Task directions:
In the entries below, begin at the line with "So all these" and stop after the line with "Hey guys, Zenith"; output those lines exactly and omit the pictures.

Given records:
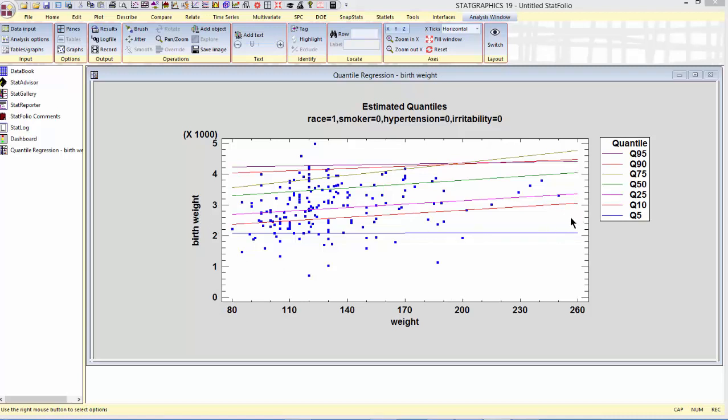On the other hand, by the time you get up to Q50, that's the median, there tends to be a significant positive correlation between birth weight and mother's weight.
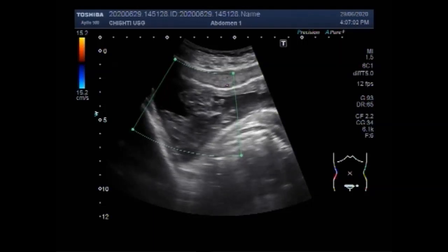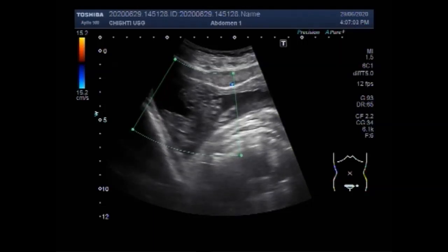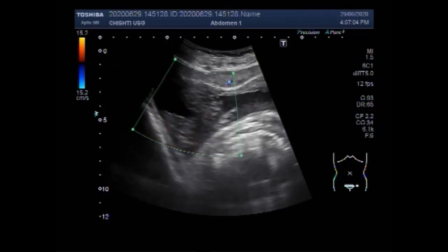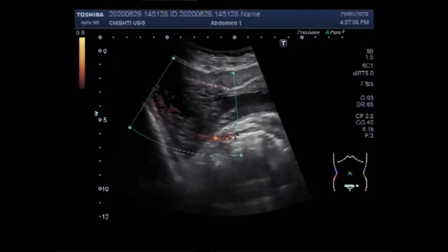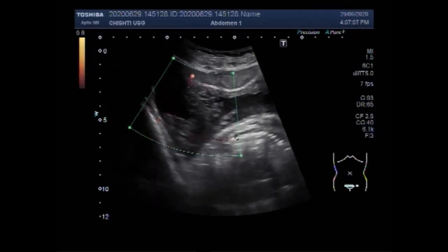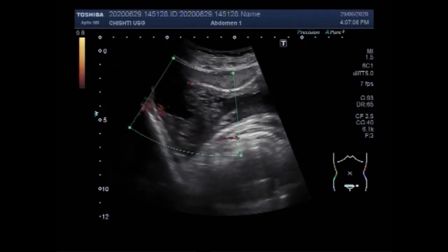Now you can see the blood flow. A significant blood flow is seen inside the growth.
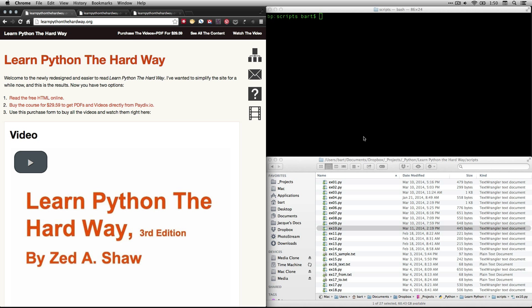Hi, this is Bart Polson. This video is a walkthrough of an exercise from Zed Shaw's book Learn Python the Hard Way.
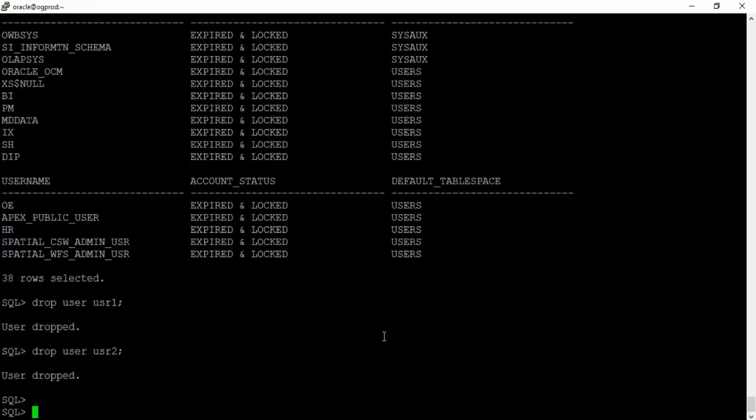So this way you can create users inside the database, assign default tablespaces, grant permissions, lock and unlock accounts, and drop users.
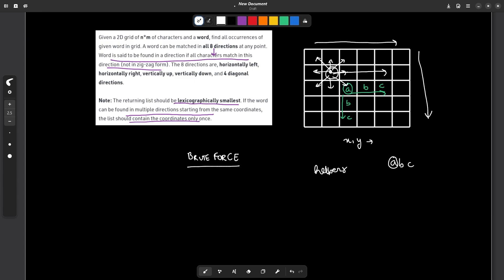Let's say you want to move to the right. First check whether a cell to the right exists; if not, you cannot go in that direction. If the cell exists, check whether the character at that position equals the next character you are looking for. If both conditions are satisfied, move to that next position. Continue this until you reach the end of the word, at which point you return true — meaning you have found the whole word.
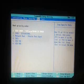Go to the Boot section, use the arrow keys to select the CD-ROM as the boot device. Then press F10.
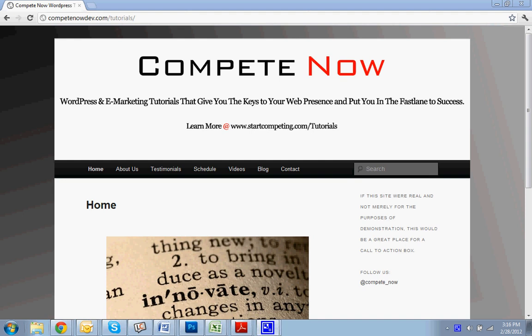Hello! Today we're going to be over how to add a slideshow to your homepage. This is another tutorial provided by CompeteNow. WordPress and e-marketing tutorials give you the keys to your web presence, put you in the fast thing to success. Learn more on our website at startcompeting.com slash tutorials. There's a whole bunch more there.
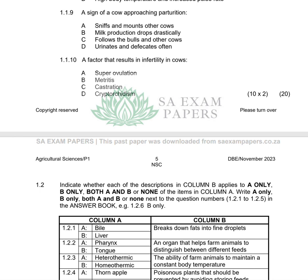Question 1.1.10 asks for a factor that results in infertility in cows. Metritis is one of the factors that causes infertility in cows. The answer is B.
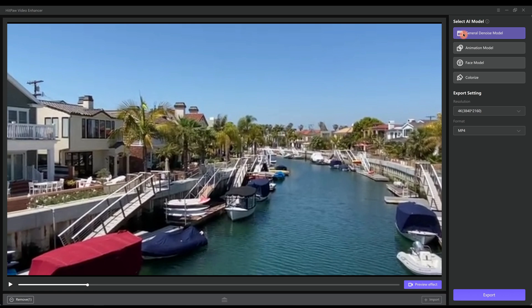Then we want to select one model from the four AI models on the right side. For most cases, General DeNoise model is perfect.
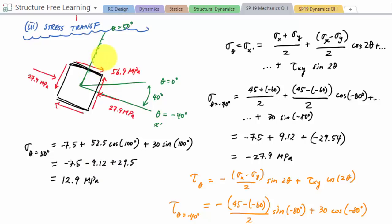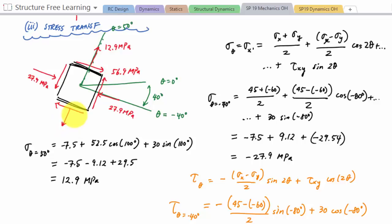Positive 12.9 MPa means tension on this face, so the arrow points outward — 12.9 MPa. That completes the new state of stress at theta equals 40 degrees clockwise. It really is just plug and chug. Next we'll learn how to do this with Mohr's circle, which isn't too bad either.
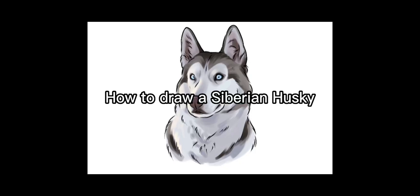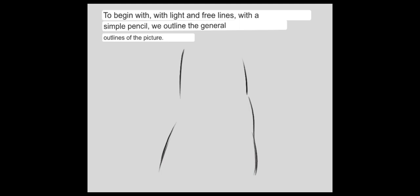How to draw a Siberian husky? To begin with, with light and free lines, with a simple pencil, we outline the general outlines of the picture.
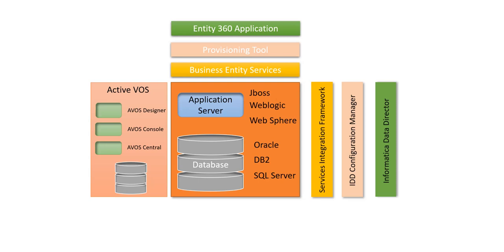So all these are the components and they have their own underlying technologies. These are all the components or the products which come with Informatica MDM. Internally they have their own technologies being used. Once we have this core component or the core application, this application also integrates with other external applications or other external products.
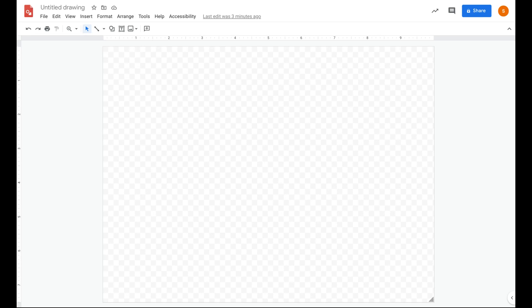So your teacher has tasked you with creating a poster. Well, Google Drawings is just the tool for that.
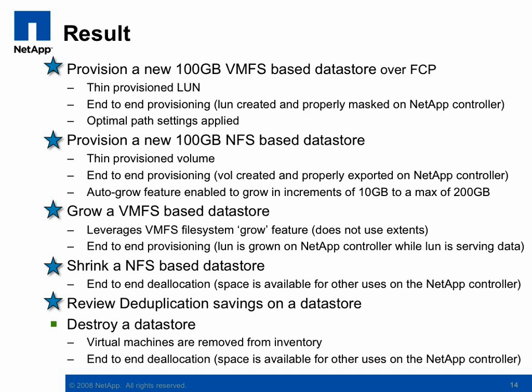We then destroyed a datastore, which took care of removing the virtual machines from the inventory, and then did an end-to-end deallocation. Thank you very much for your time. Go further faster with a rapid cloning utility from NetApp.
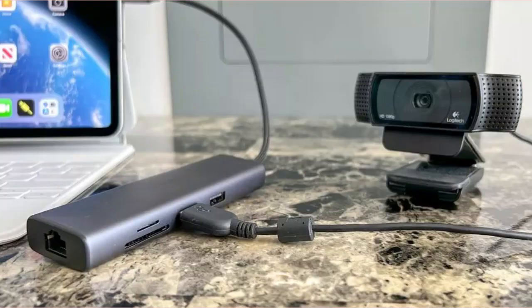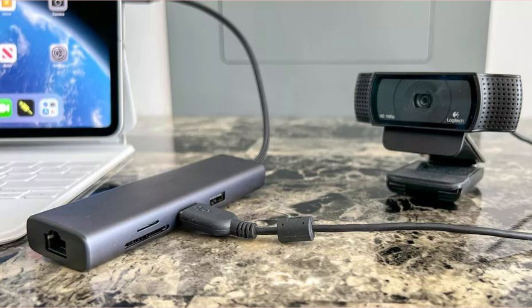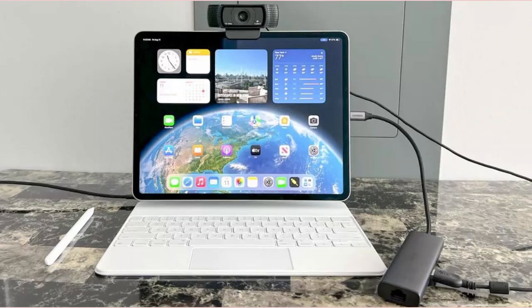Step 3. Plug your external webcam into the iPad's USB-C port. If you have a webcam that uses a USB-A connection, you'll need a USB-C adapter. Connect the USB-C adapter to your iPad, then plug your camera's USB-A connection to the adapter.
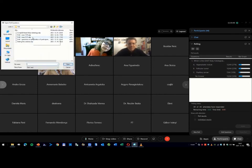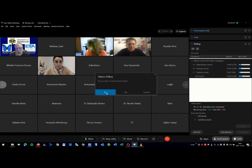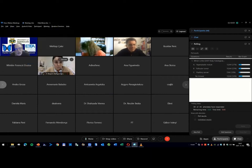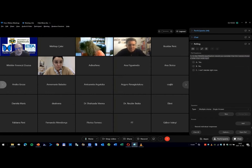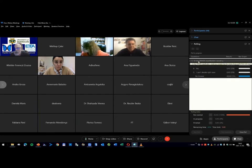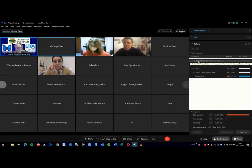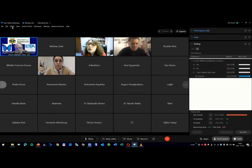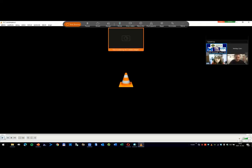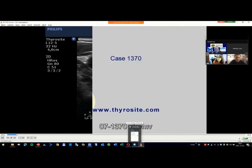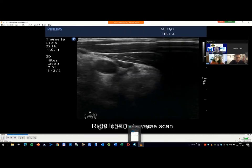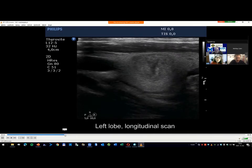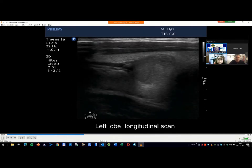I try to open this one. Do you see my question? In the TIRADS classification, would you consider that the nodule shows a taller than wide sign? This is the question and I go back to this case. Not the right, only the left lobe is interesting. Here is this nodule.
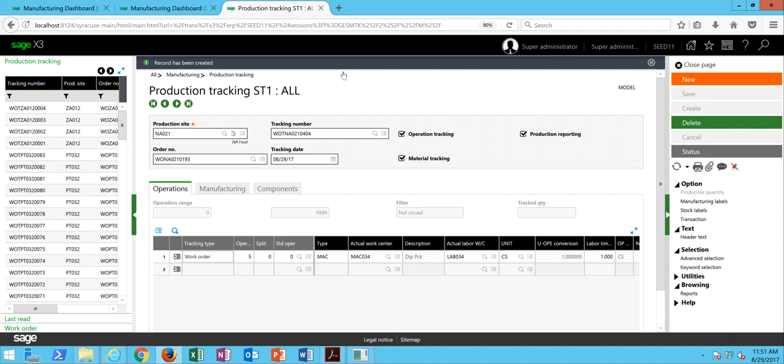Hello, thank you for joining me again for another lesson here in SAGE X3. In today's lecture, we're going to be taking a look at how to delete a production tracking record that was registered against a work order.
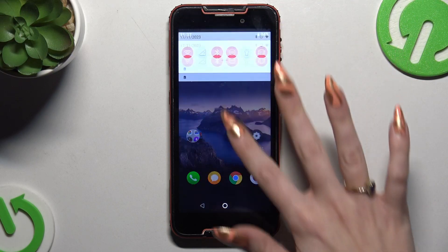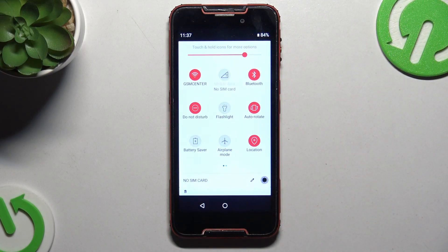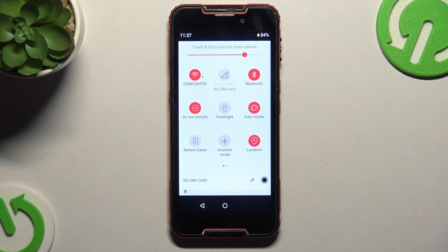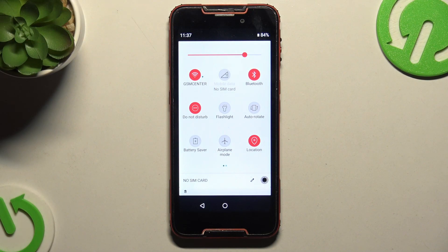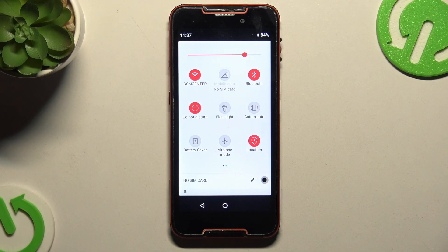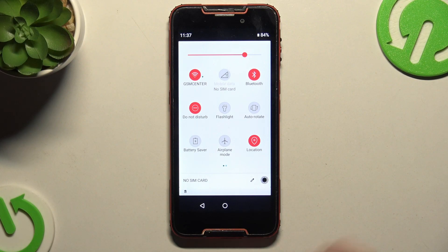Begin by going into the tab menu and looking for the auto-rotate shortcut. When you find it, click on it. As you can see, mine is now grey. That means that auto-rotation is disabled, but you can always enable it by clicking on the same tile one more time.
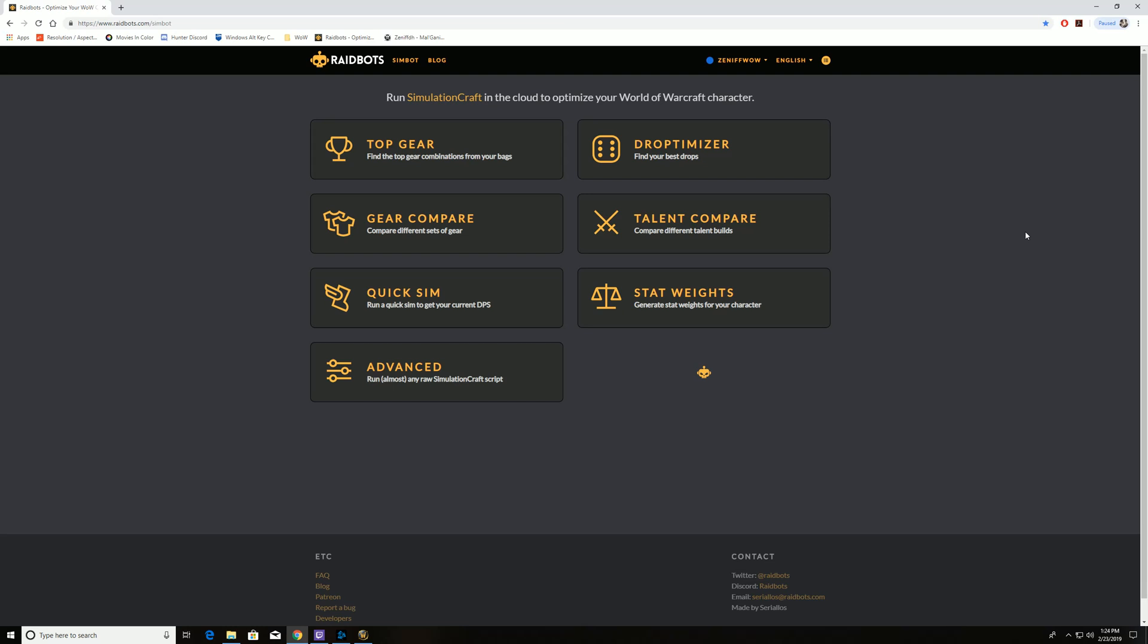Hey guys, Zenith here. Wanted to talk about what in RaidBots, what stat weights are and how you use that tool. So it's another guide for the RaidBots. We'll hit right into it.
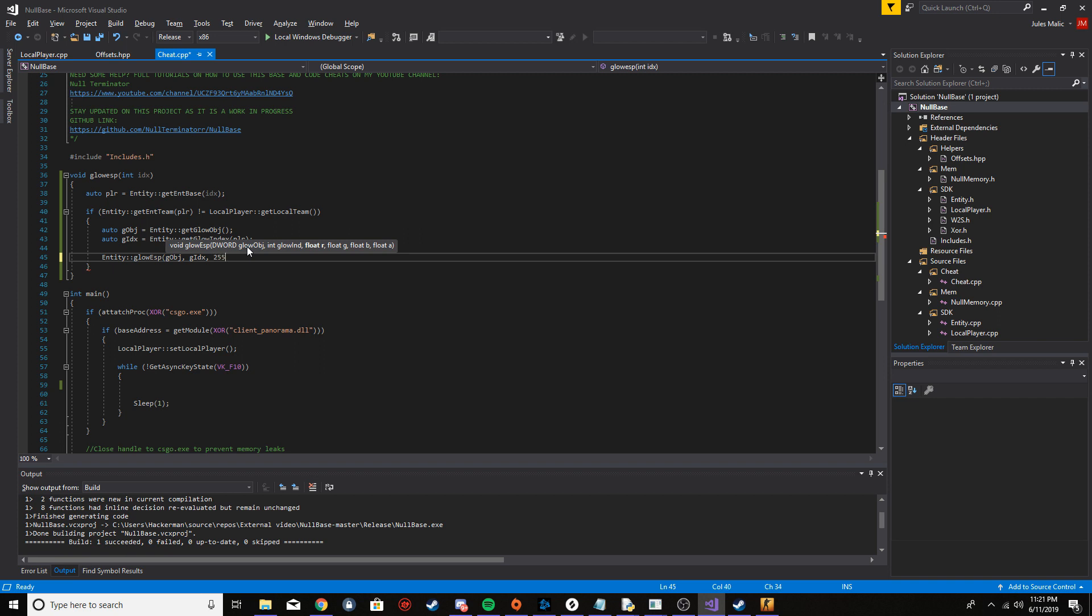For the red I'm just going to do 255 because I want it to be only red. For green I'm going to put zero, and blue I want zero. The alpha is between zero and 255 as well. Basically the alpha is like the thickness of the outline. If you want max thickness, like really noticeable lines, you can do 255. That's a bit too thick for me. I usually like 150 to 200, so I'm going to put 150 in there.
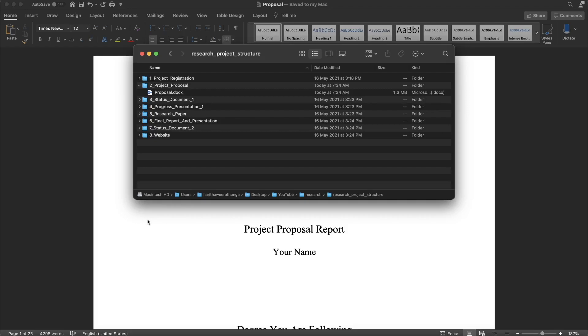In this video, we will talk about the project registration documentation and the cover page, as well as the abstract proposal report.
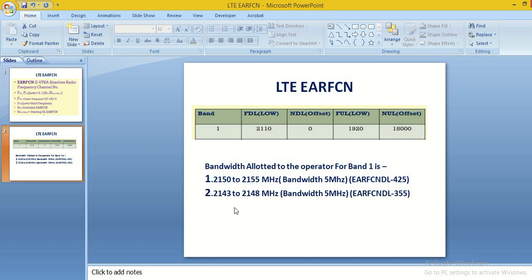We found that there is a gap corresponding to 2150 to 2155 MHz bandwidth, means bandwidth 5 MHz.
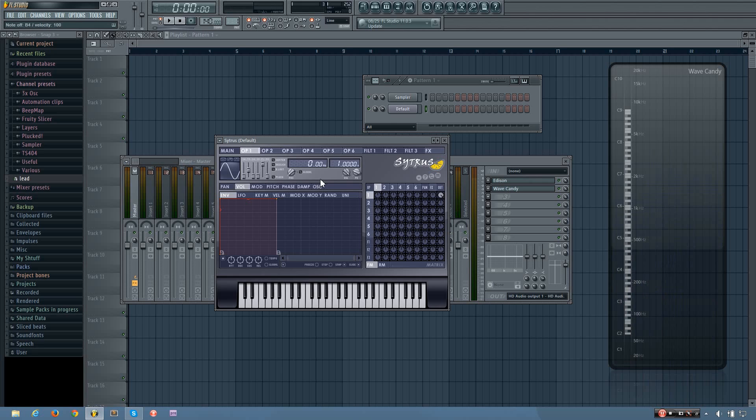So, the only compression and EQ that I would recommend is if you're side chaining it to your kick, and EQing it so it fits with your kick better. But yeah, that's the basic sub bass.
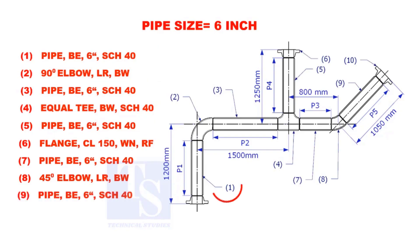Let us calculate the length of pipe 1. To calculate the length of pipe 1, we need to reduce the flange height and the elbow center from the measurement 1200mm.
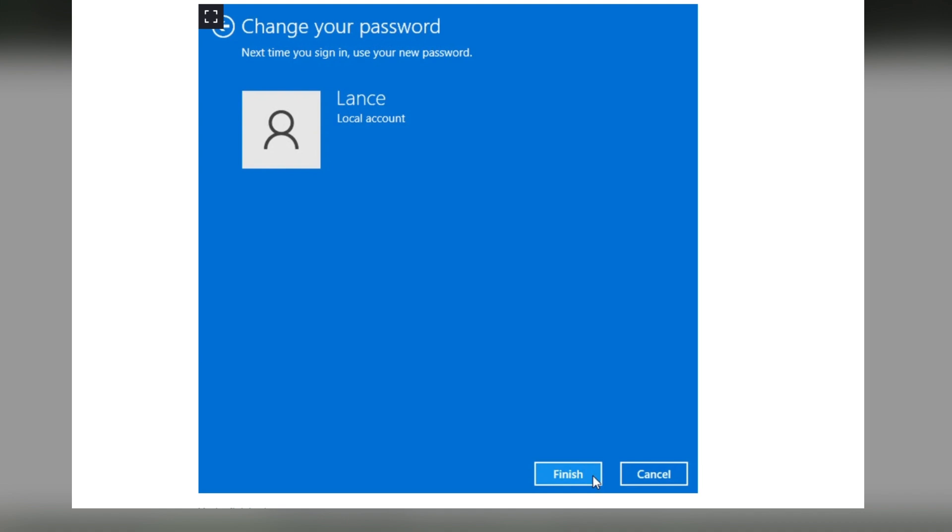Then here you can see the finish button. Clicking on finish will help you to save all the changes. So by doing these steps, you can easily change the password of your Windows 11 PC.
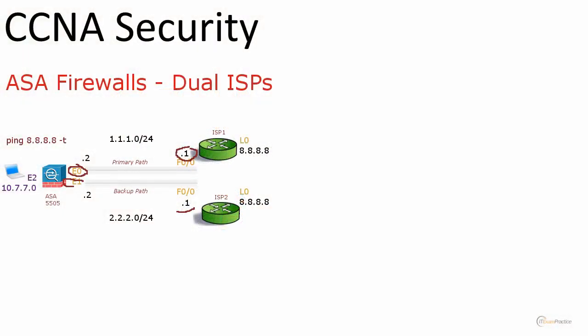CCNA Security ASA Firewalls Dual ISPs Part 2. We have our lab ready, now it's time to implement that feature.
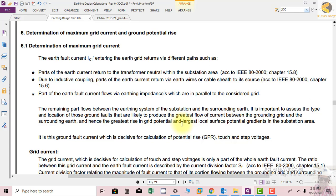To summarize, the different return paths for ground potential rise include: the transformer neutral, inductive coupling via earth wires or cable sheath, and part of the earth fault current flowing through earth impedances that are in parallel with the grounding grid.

Expected output:
So all these are the components and they have their own underlying technologies. These are all the components or the products which come with Informatica MDM. Internally they have their own technologies being used. Once we have this core component or the core application, this application also integrates with other external applications or other external products.
So your teacher has tasked you with creating a poster. Well, Google Drawings is just the tool for that.
We then destroyed a datastore, which took care of removing the virtual machines from the inventory, and then did an end-to-end deallocation. Thank you very much for your time. Go further faster with a rapid cloning utility from NetApp.
Step 3. Plug your external webcam into the iPad's USB-C port. If you have a webcam that uses a USB-A connection, you'll need a USB-C adapter. Connect the USB-C adapter to your iPad, then plug your camera's USB-A connection to the adapter.
I try to open this one. Do you see my question? In the TIRADS classification, would you consider that the nodule shows a taller than wide sign? This is the question and I go back to this case. Not the right, only the left lobe is interesting. Here is this nodule.
Hello, thank you for joining me again for another lesson here in SAGE X3. In today's lecture, we're going to be taking a look at how to delete a production tracking record that was registered against a work order.
Begin by going into the tab menu and looking for the auto-rotate shortcut. When you find it, click on it. As you can see, mine is now grey. That means that auto-rotation is disabled, but you can always enable it by clicking on the same tile one more time.
Hey guys, Zenith here. Wanted to talk about what in RaidBots, what stat weights are and how you use that tool. So it's another guide for the RaidBots. We'll hit right into it.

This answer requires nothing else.